Work required:
Once you find the line below that has "並行輸入品】AUTOart 1/18 マクラーレン", output it and every line after it exactly, stopping after the line that has "Canvas-taulu Artgeist Smoke", with no pictures.

Input data:
Start of Block
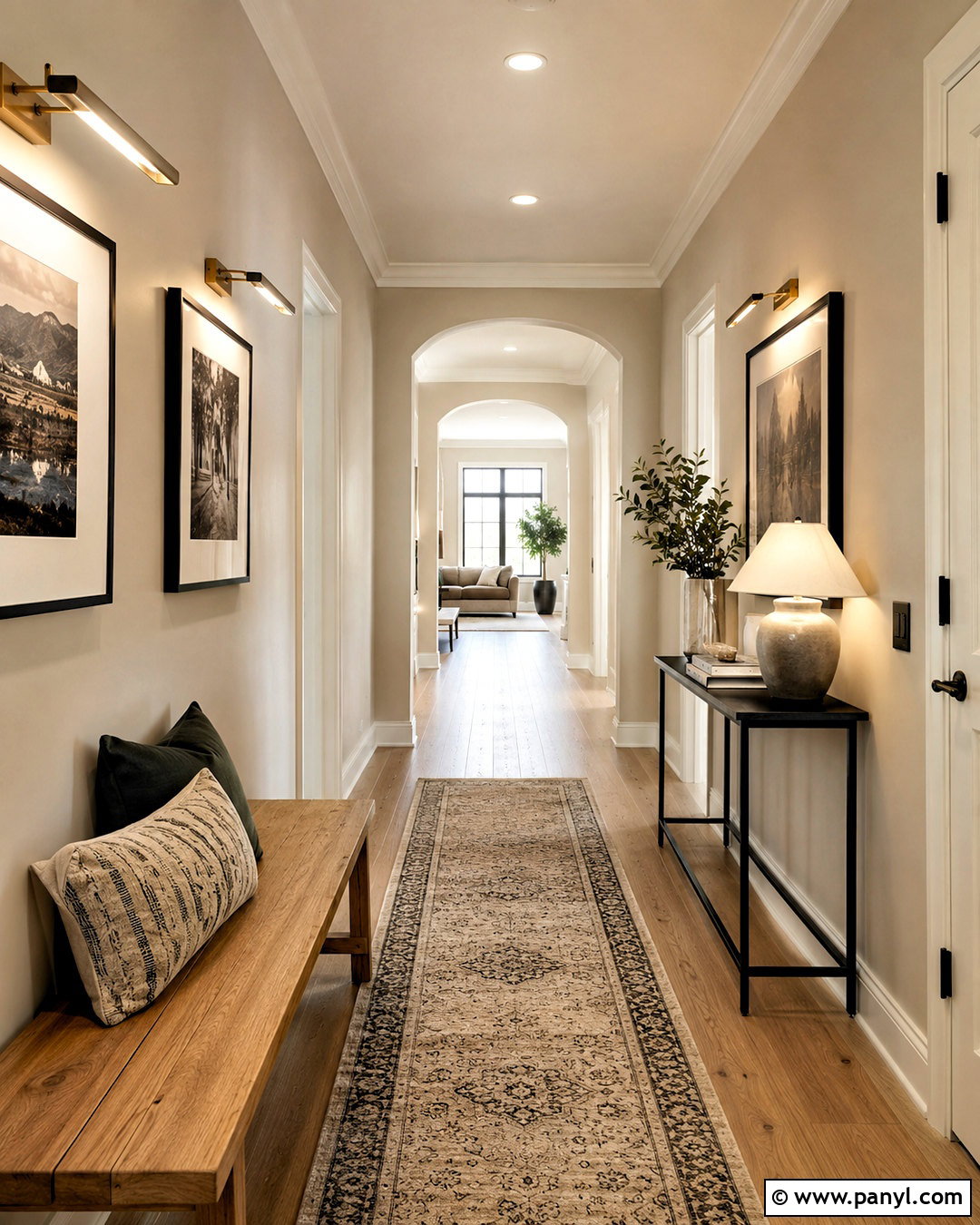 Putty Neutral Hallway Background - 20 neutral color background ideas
End of Block
Start of Block
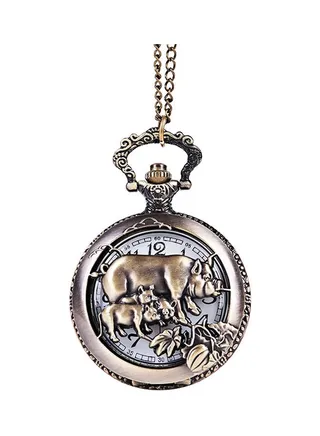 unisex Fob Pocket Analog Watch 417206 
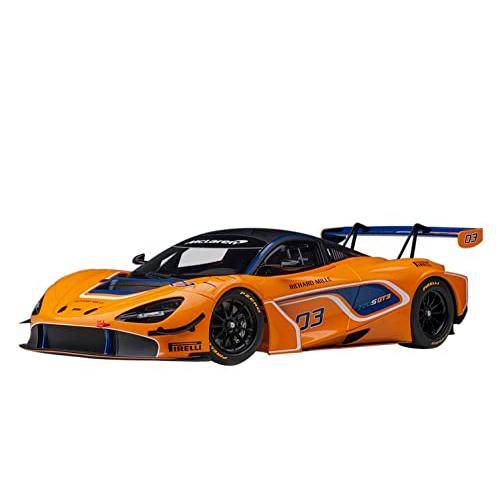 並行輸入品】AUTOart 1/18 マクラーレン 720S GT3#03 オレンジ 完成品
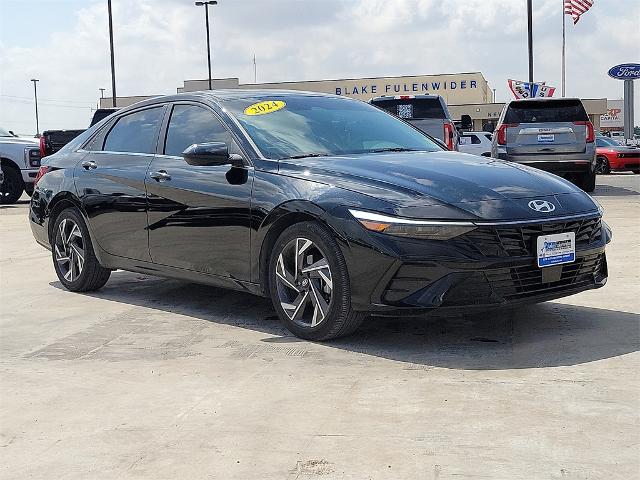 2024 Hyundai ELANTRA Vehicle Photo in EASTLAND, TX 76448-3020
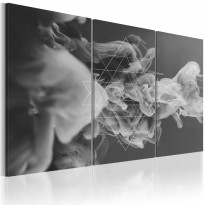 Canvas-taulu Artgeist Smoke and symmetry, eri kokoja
End of Block
Solution:
 並行輸入品】AUTOart 1/18 マクラーレン 720S GT3#03 オレンジ 完成品
 2024 Hyundai ELANTRA Vehicle Photo in EASTLAND, TX 76448-3020
 Canvas-taulu Artgeist Smoke and symmetry, eri kokoja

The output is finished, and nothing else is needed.